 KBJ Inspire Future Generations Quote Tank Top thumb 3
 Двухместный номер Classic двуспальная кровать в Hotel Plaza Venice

* * *

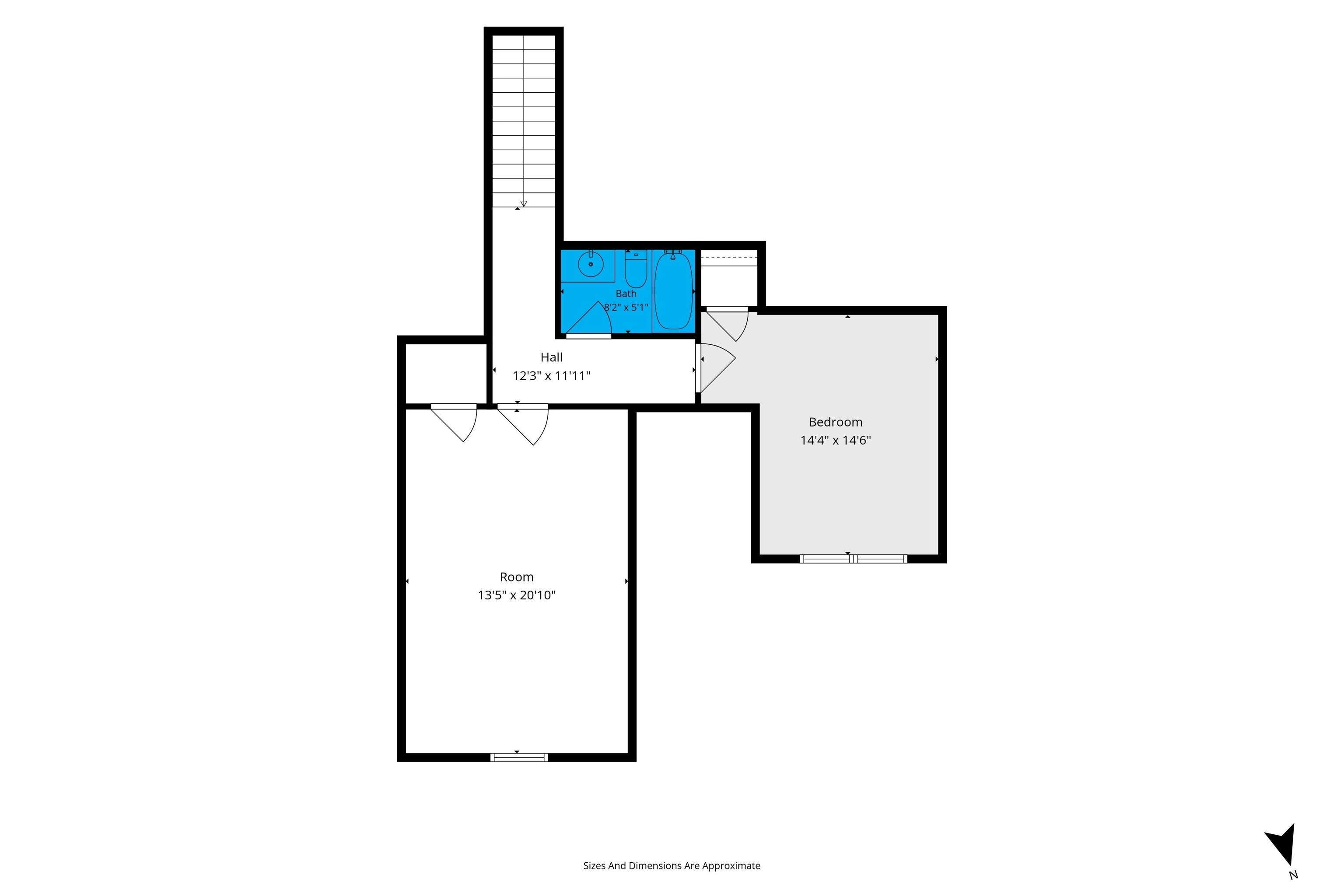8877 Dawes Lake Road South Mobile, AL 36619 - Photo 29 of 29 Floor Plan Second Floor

--

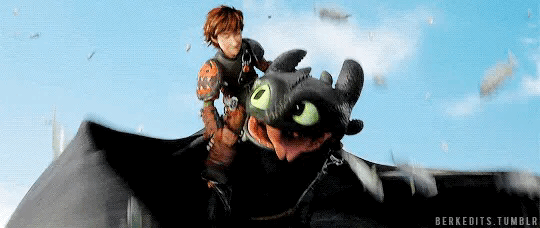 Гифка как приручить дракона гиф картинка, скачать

- [TASK OBJECTIVE] From the records above, retype only the lines starting at the line that contains "KBJ Inspire Future" and ending at the line that contains "Двухместный номер Classic", both included.

- [TASK RESULT]
 KBJ Inspire Future Generations Quote Tank Top thumb 3
 Двухместный номер Classic двуспальная кровать в Hotel Plaza Venice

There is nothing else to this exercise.